Categorie: parola d'artista

exibinterviste –la giovane arte | Alek O.

di - 4 Marzo 2005

Come sei diventata un artista? Cosa è stato davvero determinante? In questo momento della tua vita stai facendo quello che hai effettivamente scelto o fai questo lavoro per cause fortuite?
Non so come sono diventata un’artista, immagino dunque che non ci sia stato niente di molto determinante. Adesso faccio quello che ho scelto: studio disegno industriale. Scelto… scelto semi-male. Voglio dire che non sono tanto convinta. E da poco faccio anche la segretaria. Credo sia il lavoro più ridicolo al mondo. Comunque mi sta bene.

Solitamente spetta ai critici sintetizzare e descrivere la ricerca di un artista. Se dovessi invece sinteticamente, in tre righe, definire la tua arte come faresti?
riga 1 la mia arte è da pattumiera.
riga 2 la mia arte è piccola e ordinata.
riga 3 la mia arte probabilmente non è nemmeno mia.

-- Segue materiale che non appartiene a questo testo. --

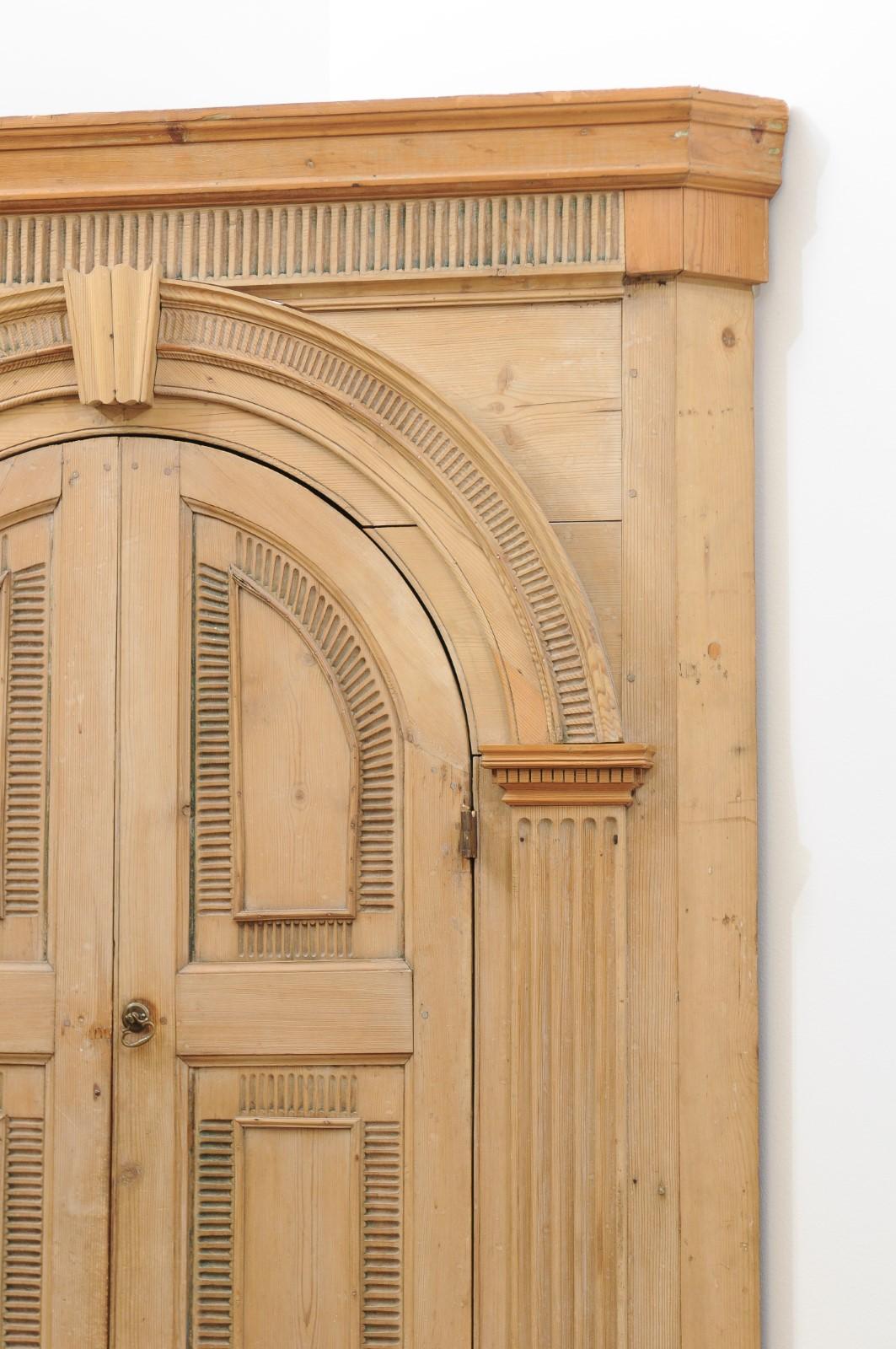Armoire d'angle en pin anglais du 19ème siècle avec armoire supérieure arquée en vente 4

…E infatti utilizzi immagini prese da riviste o da scarti dei laboratori fotografici, poi le unisci insieme con un collage manuale, il risultato è un’estetica low-fi, ma non è solo un esercizio formale…
E’ anche un esercizio di economia: il materiale di scarto è quello più economico per eccellenza. E poi, c’è una massa così grande di immagini in giro da buttare via, che sarebbe un peccato non usarle ogni tanto.

Un tuo pregio e un tuo difetto nell’ambito dell’arte, quindi in campo lavorativo.
Il mio grande pregio è la mia tuta d’artista: ho delle scarpe nere, dei pantaloni neri, delle magliette nere e anche una sciarpa nera. Un difetto: non ho più dei guanti neri.


E nella vita?

Ragazza seria e volenterosa, bella presenza, capelli chiari, altezza 179 cm, peso 52 kg, simpatica, iper-colta, disinvolta, molto comunicativa. Adoro il teatro, la poesia, l’arte, la musica, la filosofia, i viaggi esotici e gli animali domestici. Umm… non mi viene in mente nessun difetto.

Una persona davvero importante attualmente per il tuo lavoro?
Meglio, una bella parola: mamma.

Mamma è anche un tuo recente progetto…
Con uno straccio e anche delle mascherine pulisco i furgoni sporchi che trovo in giro nella città. Quello che lascio è la scritta MAMMA. Dopodiché mi segno il numero di targa e il modello. E’ successo che qualcuno abbia cancellato quello che avevo fatto. Dunque da allora ho pensato di lasciare dei post-it con un messaggio indirizzato ai proprietari dei veicoli. Così provo a convincerli di conservare il mio lavoro.

Parlaci del tuo studio…
Allora, lavoro in camera mia dove il soffitto è molto molto basso e a forma di calotta. Quindi, per starci in piedi bisogna stare in “semi-piedi”, cioè col collo in diagonale oppure battere la testa ogni tanto. Per guadagnare altezza è sempre utile togliersi le scarpe. Credo il mio rapporto sia di totale sottomissione.

Quanto influisce la città in cui vivi con la tua produzione? E’ indifferente? Preferisci girare di città in città o lavorare sempre nel solito posto?
La città influisce tanto tanto su quello che faccio: a Milano lavoro con la testa in giù, mentre a Buenos Aires ho un soffitto a doppia altezza.


Nell’ultimo periodo stai però anche lavorando fuori dal tuo studio, nel laboratorio dedicato ai giovani artisti al Centro per l’Arte La Stecca degli Artigiani. Mi racconti questa esperienza?

Ecco, da qualche mese che è nato questo laboratorio. Si trova alla Stecca dunque dentro all’Isola. L’intenzione è di lavorare senza dimenticare che si è dentro ad un quartiere che rischia di subire un cambio urbanistico poco bello. Allora lo sforzo è di collegarsi anche ad un ambiente esterno a quello tradizionalmente artistico, cioè al vicinato e alla città.

Qual è la mostra più bella che hai fatto e perché?
Al nido ho fatto una mostra con i miei compagni di classe in cui ognuno incollava sulle pareti il suo lavoro. Anch’io l’ho appeso. Ma quando sono arrivati i miei genitori non sapevo più quale fosse il mio. Così ho scelto quello più bello e glielo ho fatto vedere. Siamo stati tutti enormemente felici.